Davy, sweet Davy … where to begin. He’s simply brilliant, and he exhibits all the complexities you’d expect a brilliant child to display. But his obsessive, competitive personality is beautifully matched with a sensitive, thoughtful spirit that melts our hearts. One moment he’ll be regurgitating word-for-word information from a documentary he’s watched on the Science Channel, and the next he’ll be weepy from looking at pictures of past family trips. I recently created a slideshow of his first seven years, and it’s one of his favorite things. Maybe his exceptional memory brings pictures to life in ways that we don’t understand. Whatever the case, we appreciate these glimpses of his sweet heart. We haven’t pushed him into sports, as he seems to exhibit little interest, preferring his video games … which I personally abhor, but tolerate.

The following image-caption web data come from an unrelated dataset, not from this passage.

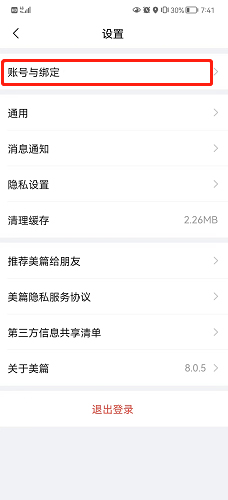美篇怎么解除绑定微信号？美篇解除绑定微信号的方法截图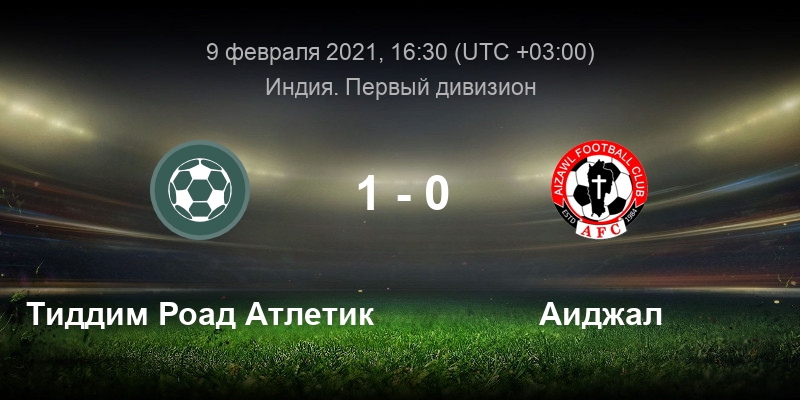 Индийская футбольная лига. Chooka talesh f. Аиджал сборная футбол индия игроки. Фк дели дайнамос. Футбол в индии.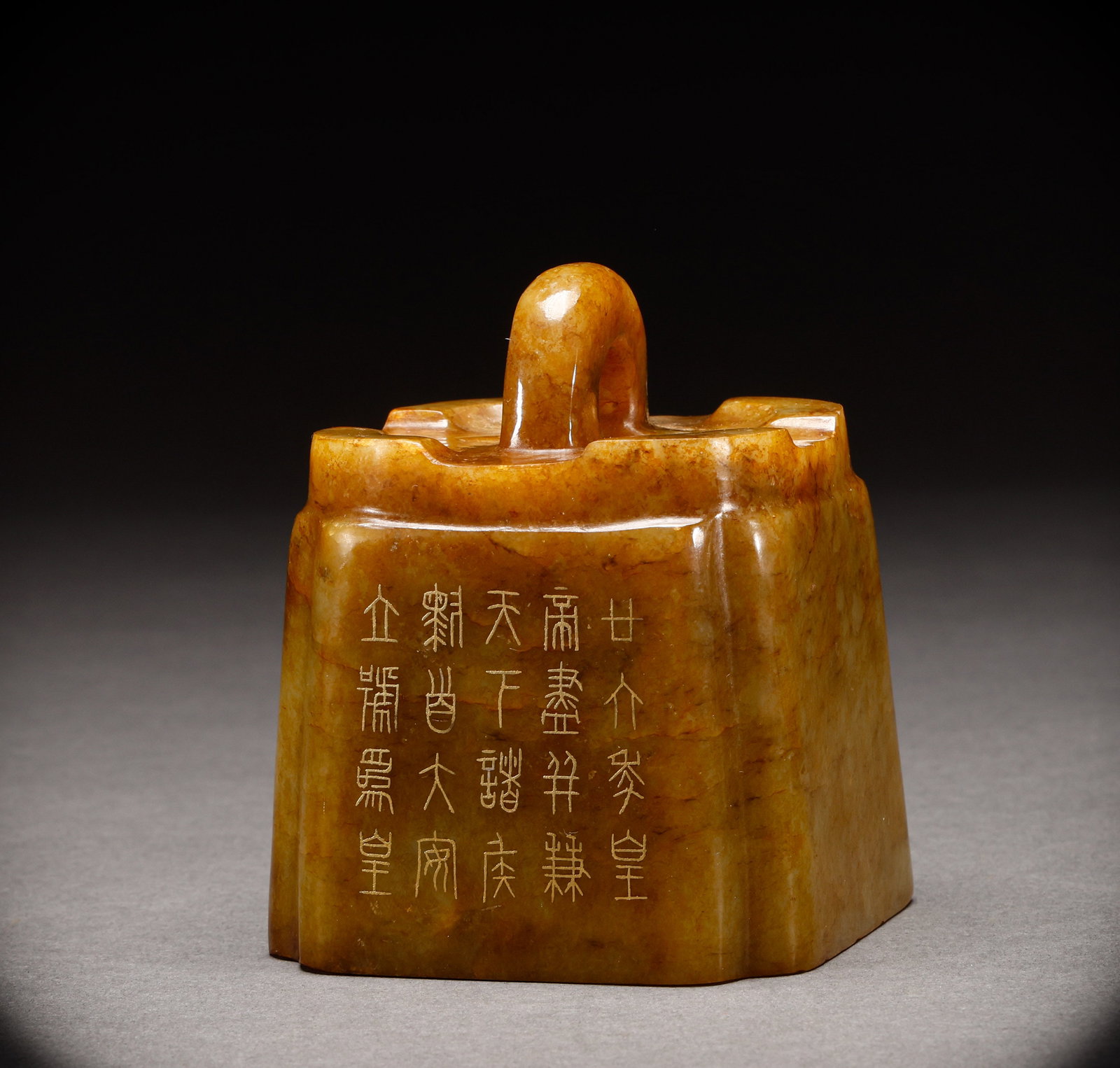 He Tian Yuquan before the Ming Dynasty (1 of 7)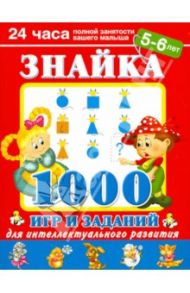 Знайка. 1000 игр и заданий для интеллектуального развития. 5-6 лет / Дмитриева Валентина Геннадьевна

He’s a gifted artist, and will spend hours working on a single drawing, paying attention to details that any ordinary seven-year-old would ignore. When he draws faces, they come to life, and all have their own quirky personalities … just like him. I pray that he makes friends this year with kids who understand him. I pray that he continues to be the kid who’s proud to raise his hand and answer all the questions in Sunday School. And I pray that, no matter how much we are forced to discipline him, he feels our unconditional love.
Jonah, my little Jonah. My baby; my last shot; the apple of my eye. The creation of his very life was a last-minute decision. This child we couldn’t afford and for whom we had no room has blessed us and stretched us in ways we never dreamed. Going from a family of four to a family of five is quite the leap. Everything in life seems best-suited for even numbers, but with Jonah, we’ve never been more proud to be, well … odd. He’s a lover. He’s a pleaser. And he’s a talker with a crazy vocabulary for his age. He’s potty trained now, and quite independent with his technique, yet still wants someone present to watch him … I assume for fear of falling in. His current obsession with Thomas the Train is a sight to behold. Unlike his brother Davy’s train obsession at the same age, in which he would meticulously engineer complicated track patterns all over our house, Jonah is perfectly content lining up trains on any elevated surface and crashing them over the edge. He seems to fancy destruction, and hits his head more than any child I’ve ever seen. Always running, always bouncing, and always giggling, we now understand why people say that children will keep you young. But at the end of the day, into our laps he goes to cuddle as we read him a story. Always rocked to sleep, he’s never once been put to bed awake … and as long as it’s in my control, that’s the way it will stay. My prayer for Jonah is that he adjusts to his new Tuesday/Thursday program well. I pray that he continues to fill our home with his beautiful, joyous spirit. And I pray that we always look upon him as the best “irresponsible” decision we ever made … because he is.
Tomorrow’s the day. I’m ready. And I suppose I’ll meet you back here next year with another report.
Apologies for any typos … I’m typing through tears.